**TASK BRIEF:** Exact copies of the lines below, from the one with "2018 FORD FUSION S HYBRID" up to and including the one with "Sombrero Columbia Broad", are what this calls for; leave out pictures.

------ RECORDS FOR PROCESSING ------

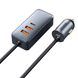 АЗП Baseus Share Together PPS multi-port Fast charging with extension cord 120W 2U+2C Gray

------
------ RECORDS FOR PROCESSING ------

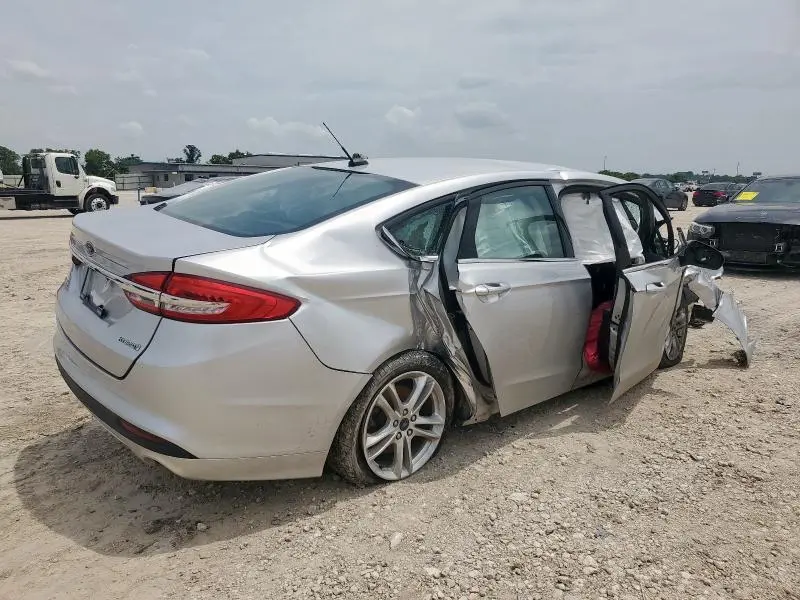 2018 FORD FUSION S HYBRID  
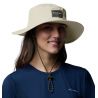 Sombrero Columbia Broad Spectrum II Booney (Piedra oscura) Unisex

------

**RESPONSE BELOW:**
 2018 FORD FUSION S HYBRID  
 Sombrero Columbia Broad Spectrum II Booney (Piedra oscura) Unisex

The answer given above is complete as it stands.